Abel, a postgraduate student at the University of Wisconsin-Madison’s Institute for Environmental Studies’ Center for Sustainability and the Global Environment, along with his team, based their forecasts on projections combined from five distinct models.
Unfortunately, what their findings indicate, Abel contends in a university press release, is a worsening future for air pollution. “Adapting to the changing climate is bound to have repercussions,” he added.
Trade-Offs and Potential Solutions
While air conditioning offers a live-saving solution in dealing with escalating heatwaves, there’s a trade-off: rising air pollution presents increased health risks. Jonathan Patz, the study’s senior author and professor of environmental studies and population health sciences at UW-Madison, suggests we’re essentially exchanging one problem for another.
Dr. Satjit Bhusri, a New York-based cardiologist, concurs with the study’s conclusions, acknowledging the direct link between air pollutants and body inflammation. As contaminated air is inhaled into the lungs, the subsequent inflammation could damage the arteries supplying blood and oxygen to both heart and brain.

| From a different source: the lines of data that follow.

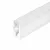 Силиконовый профиль Arlight WPH-FLEX-0612-SIDE-S8-10m WHITE 040825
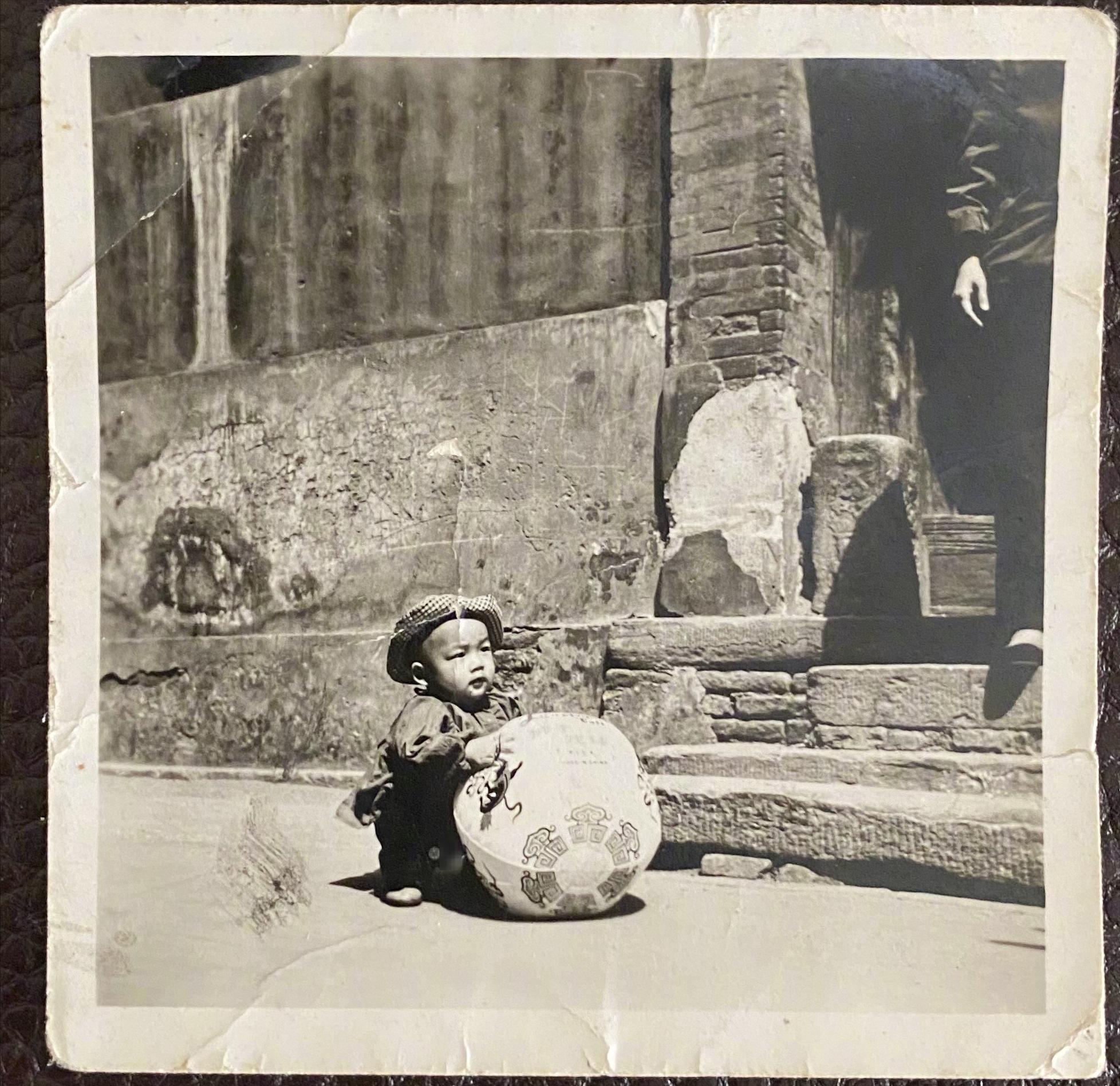 潘粤明和董洁几几年离婚的,潘粤明和董洁离婚后的状况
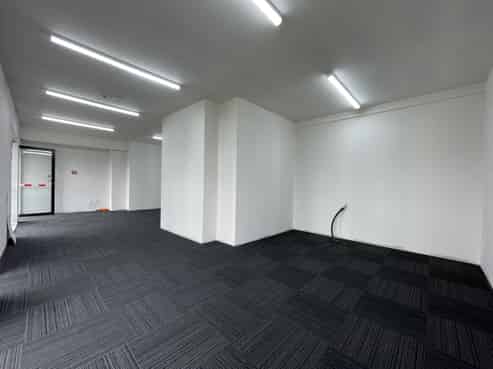 Dual-Unit Asset on Lincoln Road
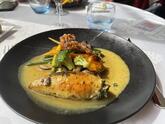 Photo de Restaurant Guru
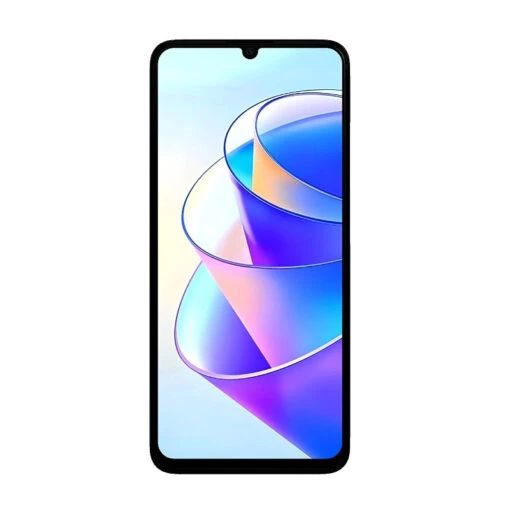 Honor X7a : Vitre Tactile écran LCD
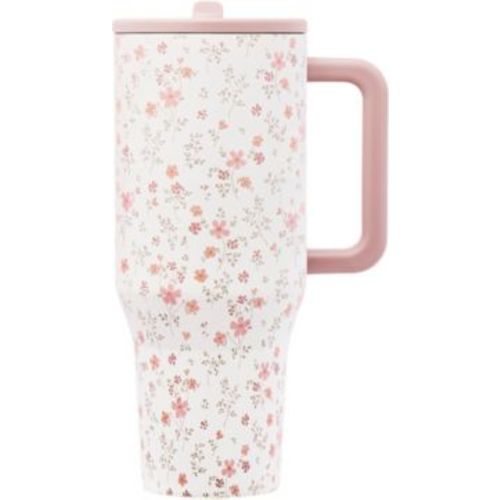 HYDROJUG 40 oz. Traveler Tumbler | Dick's Sporting Goods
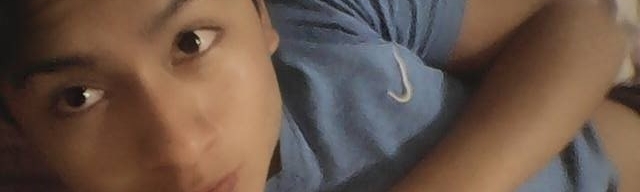 Yimy Alexander Lima Garcia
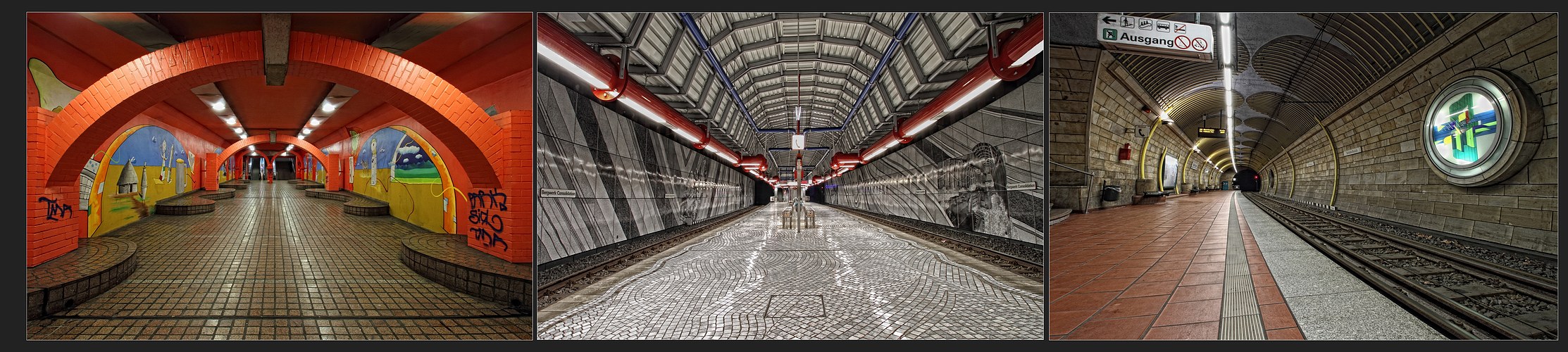 <em>UBahn</em> Foto & Bild bus & nahverkehr, ubahn, verkehr <em>UBahn</em> Foto & Bild bus & nahverkehr, ubahn, verkehr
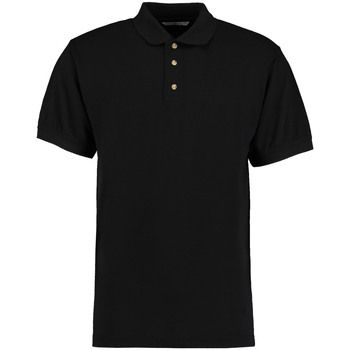 Kustom Kit Polo KK400 para hombre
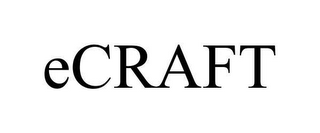 ECRAFT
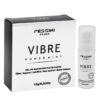 23894_1 Vibre Power Mint Gel de Massagem Eletrizante 15g Pessini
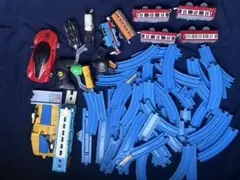 Item thumbnail for item 067b38d7-491d-4c49-8579-5174b21638b7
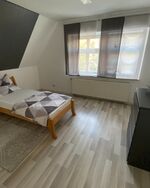 Ferienwohnung/ Monteurzimmer in Volkmarsen Bild 6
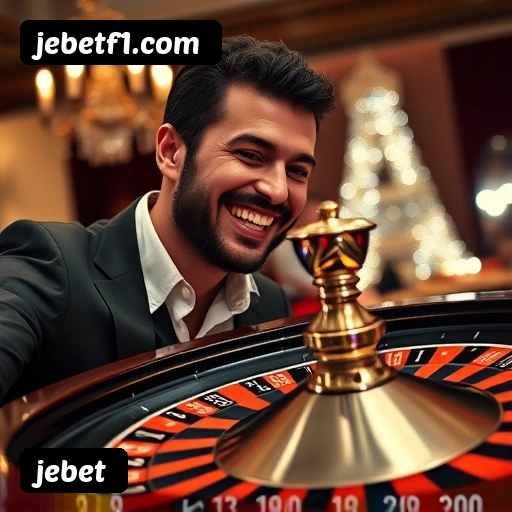 Ofertas personalizadas para jogadores VIP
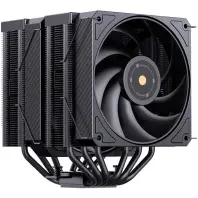 Кулер до процесора JONSBO HX6280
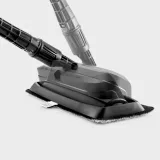 szczotka-karcher-2-644-191-0-liczba-sztuk-1-szt-zastosowanie-beton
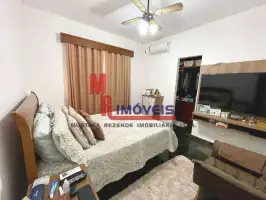 Conheça Casa à venda Rua Turvânia, Vila Valqueire, Rio de Janeiro - R$ 1.650.000 - 1133 - 5 5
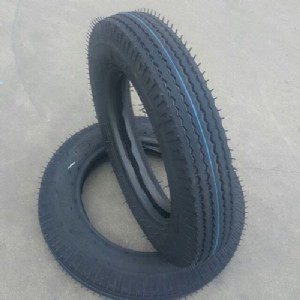 Ʒ450-14C݆̥ r(nng)܇݆̥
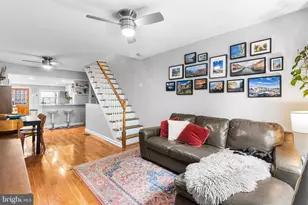 2625 Sepviva St, Philadelphia, PA 19125 - Photo 2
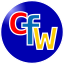 icon_cfw.png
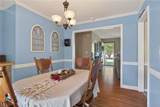2301 Gates Lndg - Photo 11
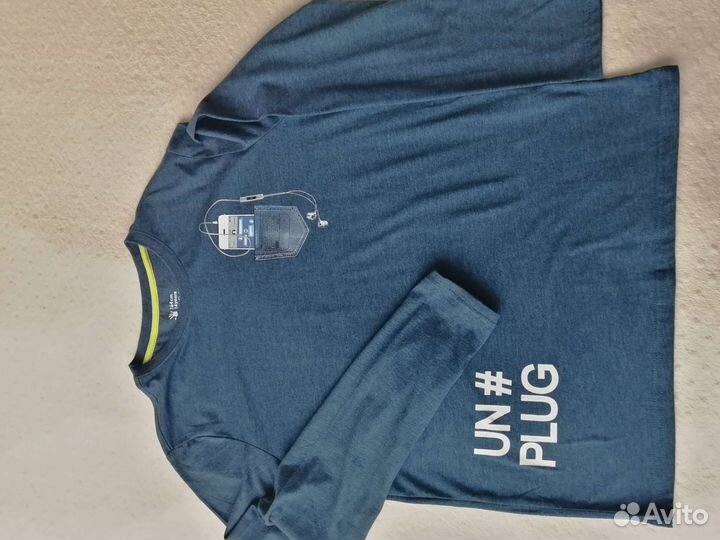 Вещи пакетом на мальчика рост 158- 164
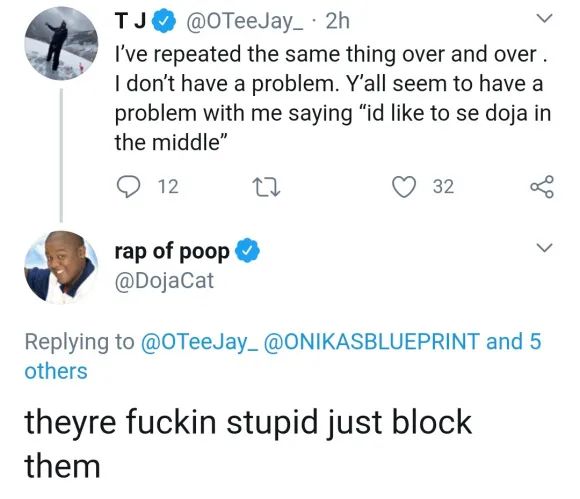 dojacat,dojacat鐜板満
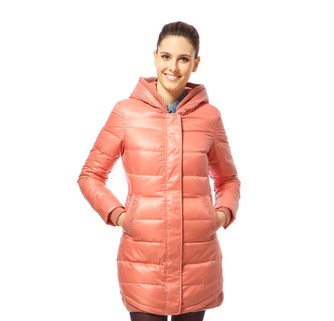 ��˾�����޷�2015�¿�Ů��ͼƬ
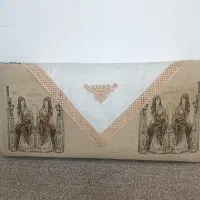 پشتی|پشتی|زاهدان, |دیوار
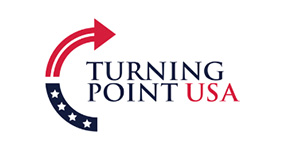 Turning Point USA FPC Partner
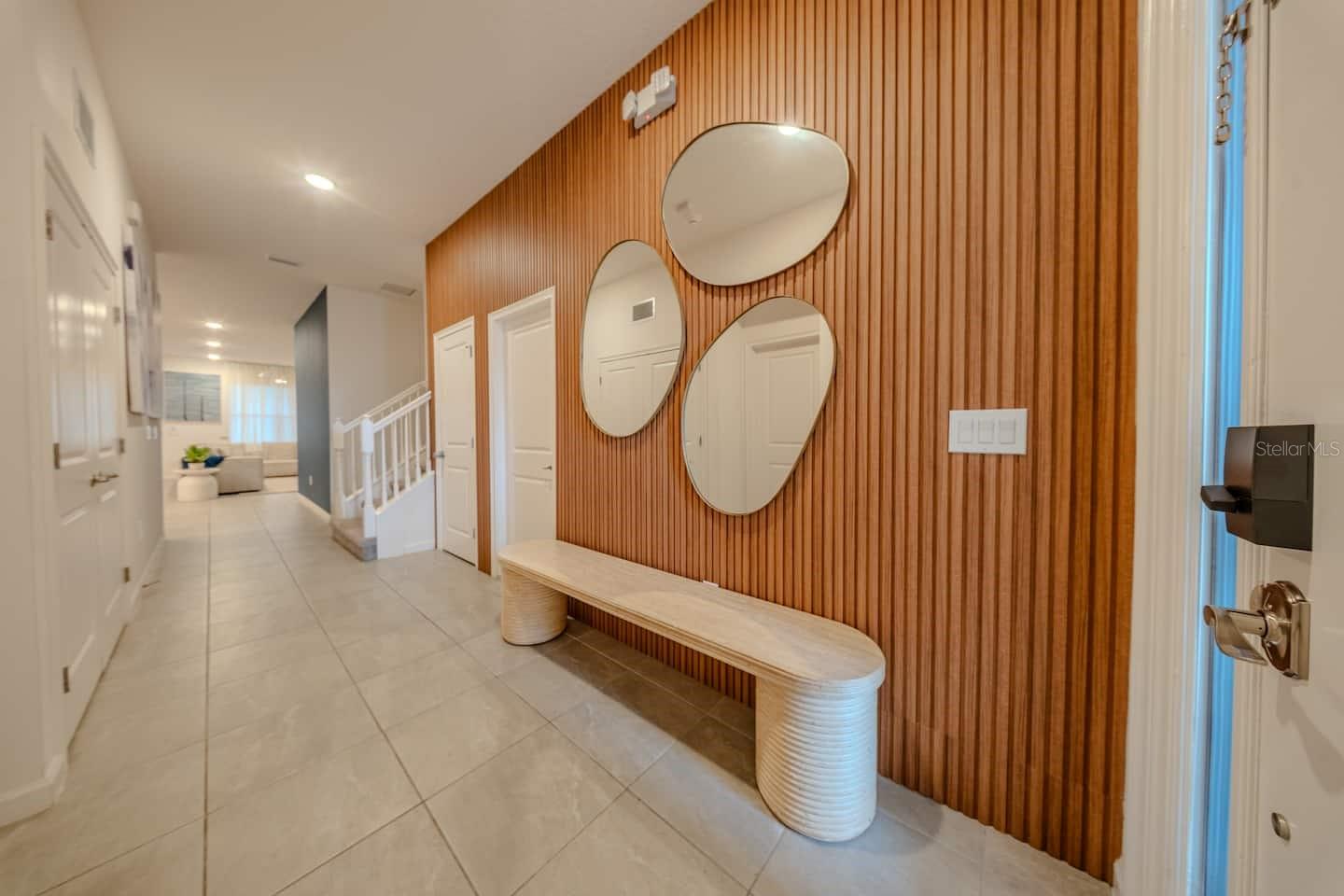 5863 HIGH SEAS DR — photo 7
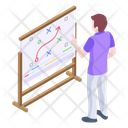 پیش‌نمایش فایل strategic-planning-4218932 از پک بازاریابی و سئو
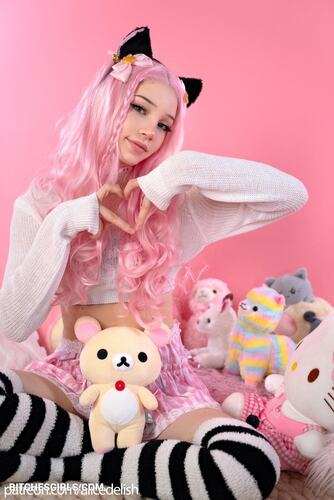 139802679786940353415386292447518768637 thumbnail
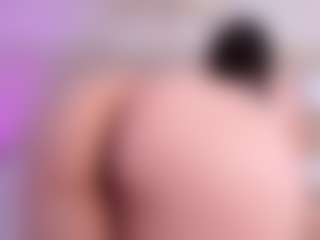 MadelynnGray's Live Sex Cam Show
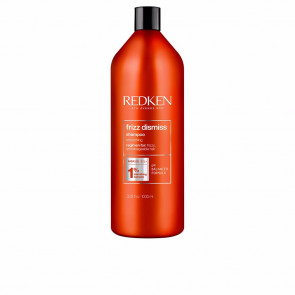 Redken Frizz DisMiss Shampoo 1000 ml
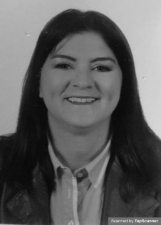 Foto de SANDRA MARTINS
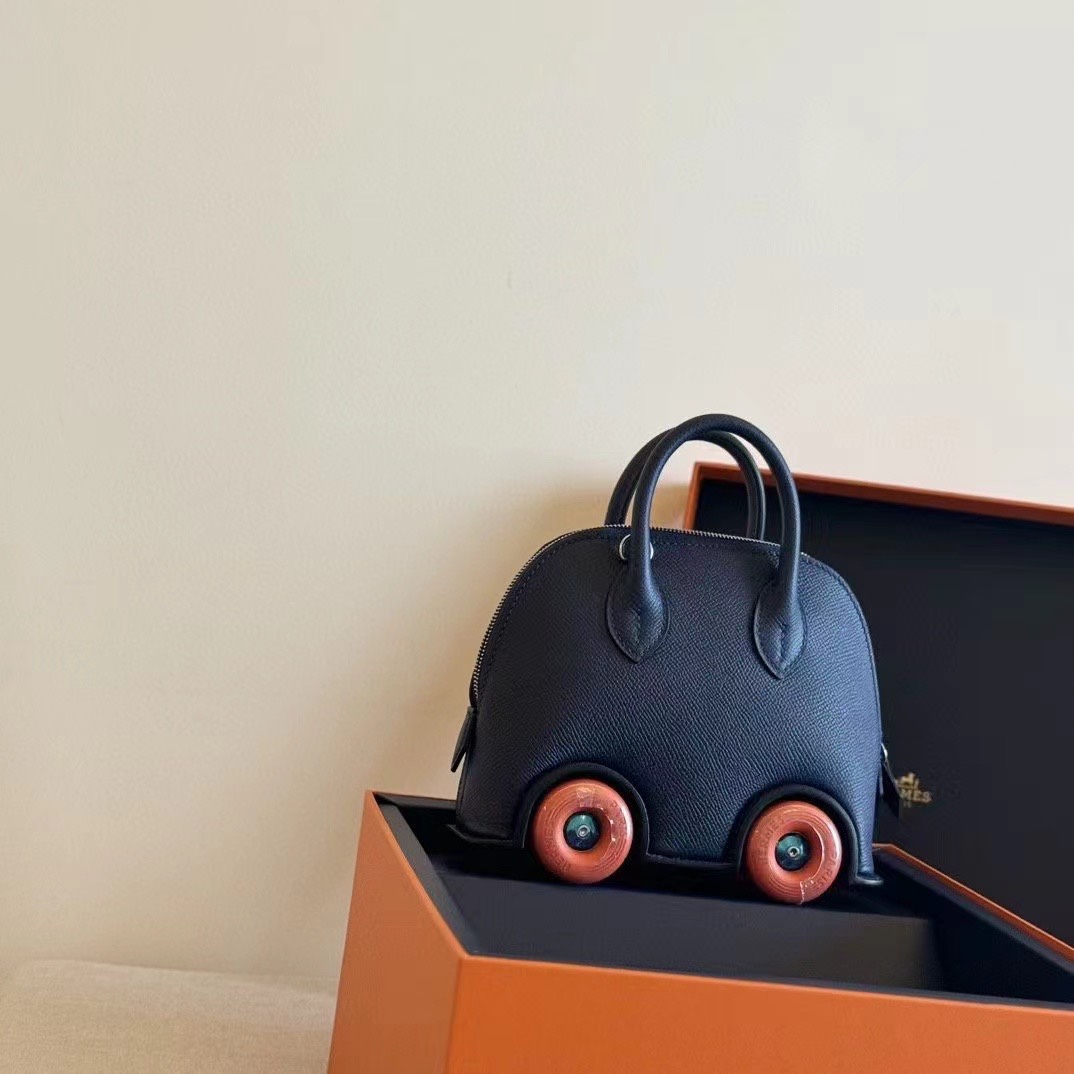 Hermes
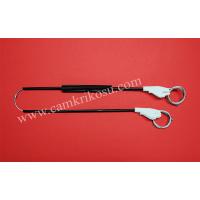 (1995-1999) HYUNDAİ ACCENT MANUEL CAM KRİKO TELİ ARKA SOL-SAĞ (OEM CODE: 8340122000-8340222000)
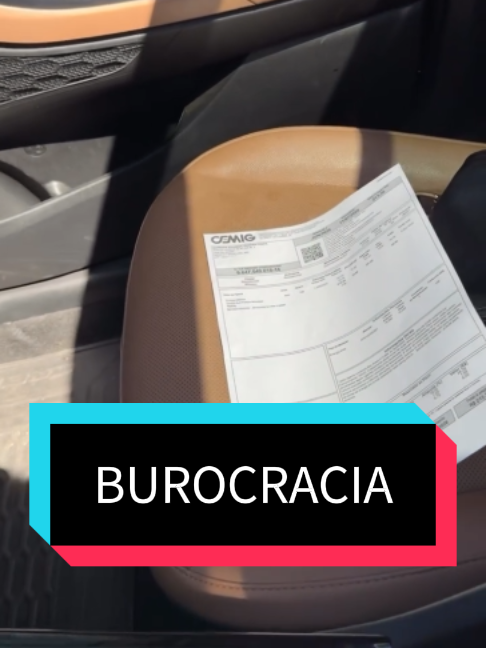 @babieduarda__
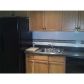 801 BRICKELL BAY DR # 465, Miami, FL 33131 ID:13037438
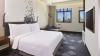 Hotel Manzil Downtown image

The Climate-Health Connection
Bhusri, who was not involved in the new study, believes that, “Global warming has a significant link to heart health, and it is not favorable”.
As long as dependence on fossil fuels remains significant, the situation painted by the Wisconsin team appears mostly inevitable, Patz argues. “We’re experiencing more intense and frequent heatwaves. Consequently, we’ll need more cooling, which requires more power. If we continue to operate coal-fired plants for part of our power supply, turning on the AC might mean tainting the air more, causing higher incidences of diseases, and even death.”
By mid-century, rising summer levels of fine particulate matter in air pollution could result in an estimated additional 13,000 deaths annually, and ozone pollution could cause another 3,000 deaths each year in the eastern US.
About 1,000 of these projected deaths could be attributed to air conditioning powered by fossil fuels. Therefore, the researchers advocate greater reliance on sustainable energy sources such as wind and solar power, and the development of more energy-efficient air conditioning.
“The remedy is clean energy,” Abel suggested, highlighting that this is within human control and could alleviate both future climate change and air pollution. “If we don’t change our habits, both predicaments will worsen.” The study’s findings were shared in PLoS Medicine.
The U.S. National Institute of Environmental Health Sciences offers more on the health implications of air pollution.